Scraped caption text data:
_ _ _ _ _

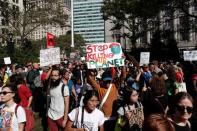 Activists take part in a demonstration as part of the Global Climate Strike in Manhattan in New York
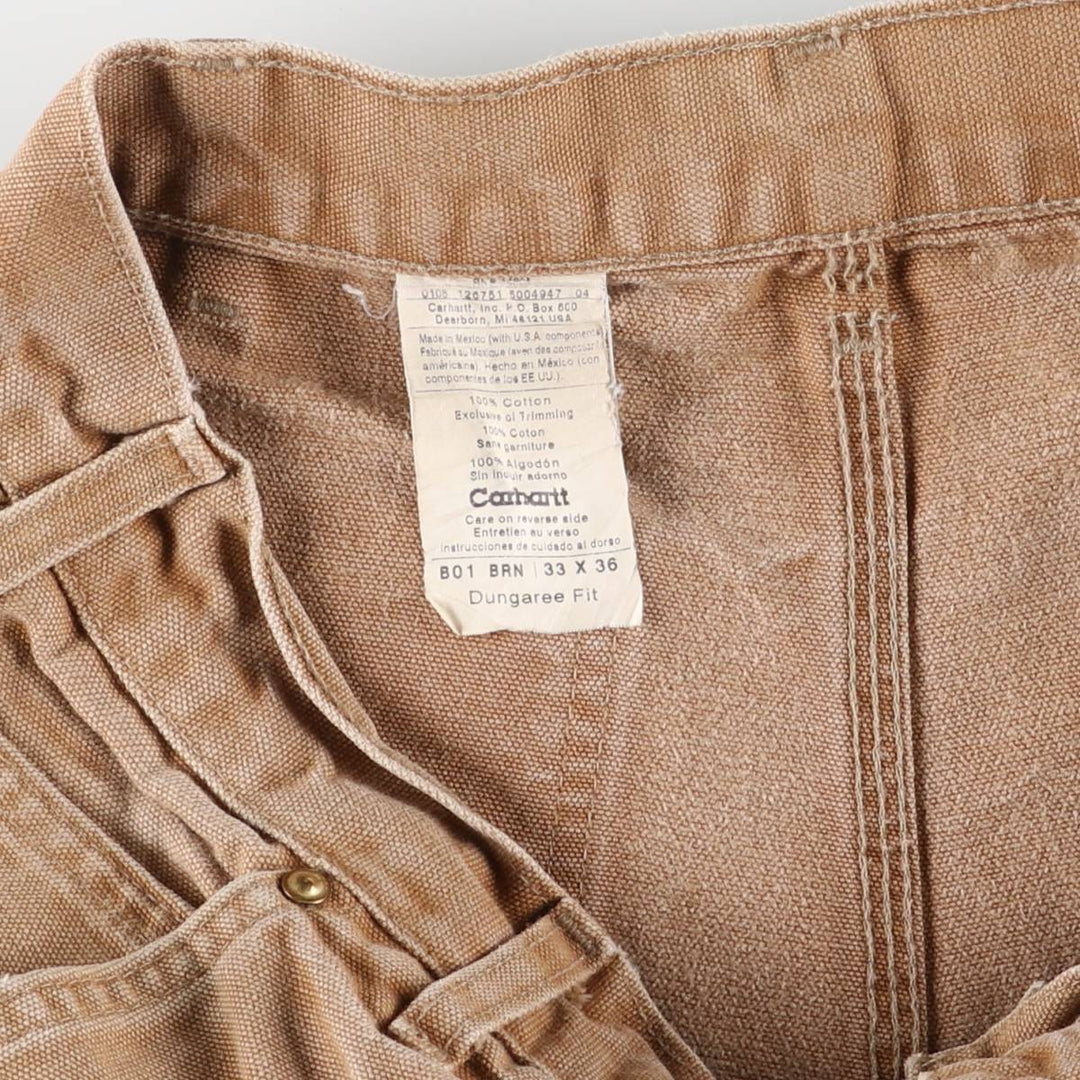 00'S Carhartt Dungaree Fit Double Knee Duck Painter Pants Men's W32 equivalent cotton beige type brown Vintage Second Hand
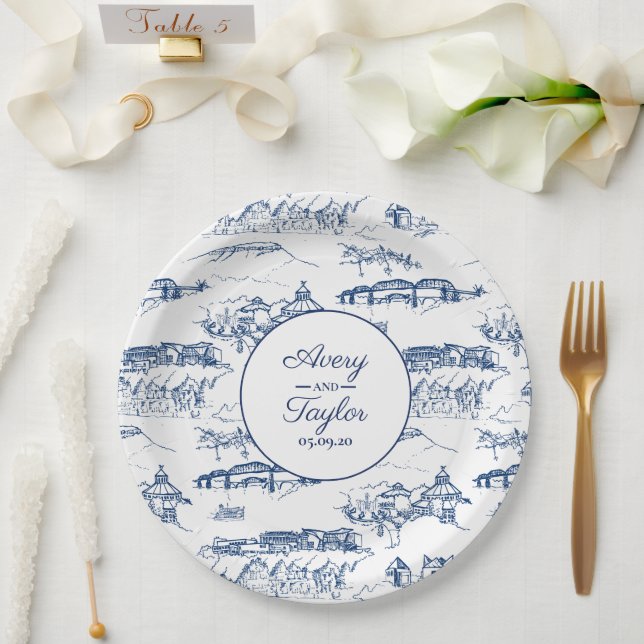 Assiettes En Carton Mariage de Chattanooga Toile Navy et Blanc (Mariage)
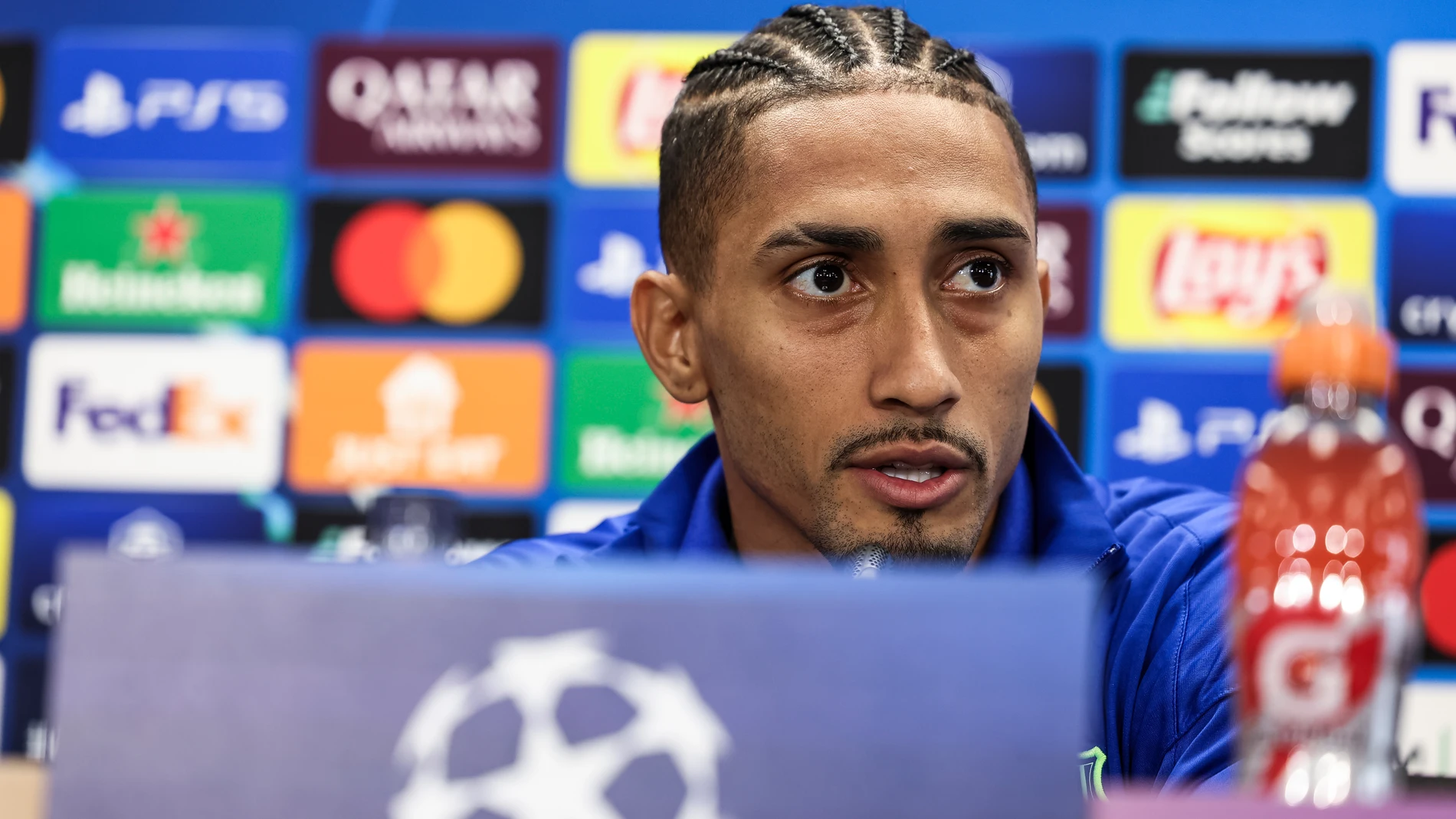 Raphinha Dias Belloli of FC Barcelona attends his press conference during the training day of FC Barcelona ahead the UEFA Champions League, football match against Bayern Munich at Ciudad Esportiva Joan Gamper on October 22, 2024 in Sant Joan Despi, Barcelona, Spain. AFP7 22/10/2024 ONLY FOR USE IN SPAIN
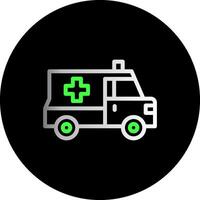 ambulance dubbel helling cirkel icoon vector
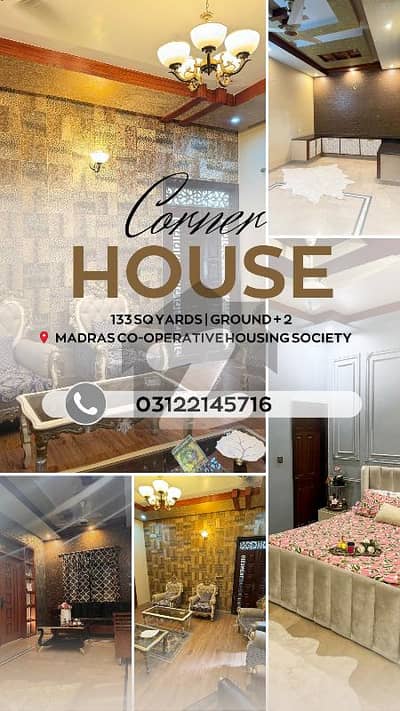 Ground + 2 Floor Corner House For Sale In Madras Co-Operative Society Scheme 33 Karachi
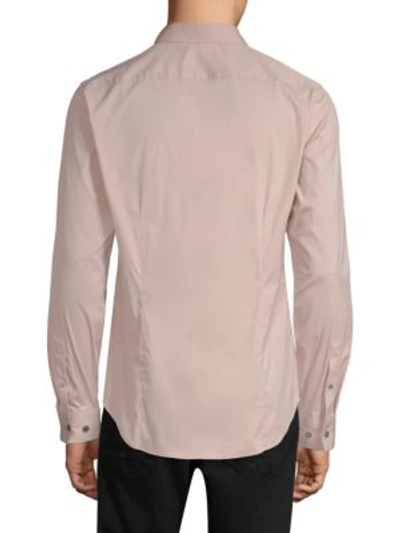 Shop Theory Sylvain Stretch Cotton Casual Shirt In Lotus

_ _ _ _ _

#### ACTIVITY
After locating the line containing "Raphinha Dias Belloli" in the entries above, repeat only it and each later line through the end, exactly, without any pictures.

#### TASK ANSWER
 Raphinha Dias Belloli of FC Barcelona attends his press conference during the training day of FC Barcelona ahead the UEFA Champions League, football match against Bayern Munich at Ciudad Esportiva Joan Gamper on October 22, 2024 in Sant Joan Despi, Barcelona, Spain. AFP7 22/10/2024 ONLY FOR USE IN SPAIN
 ambulance dubbel helling cirkel icoon vector
 Ground + 2 Floor Corner House For Sale In Madras Co-Operative Society Scheme 33 Karachi
 Shop Theory Sylvain Stretch Cotton Casual Shirt In Lotus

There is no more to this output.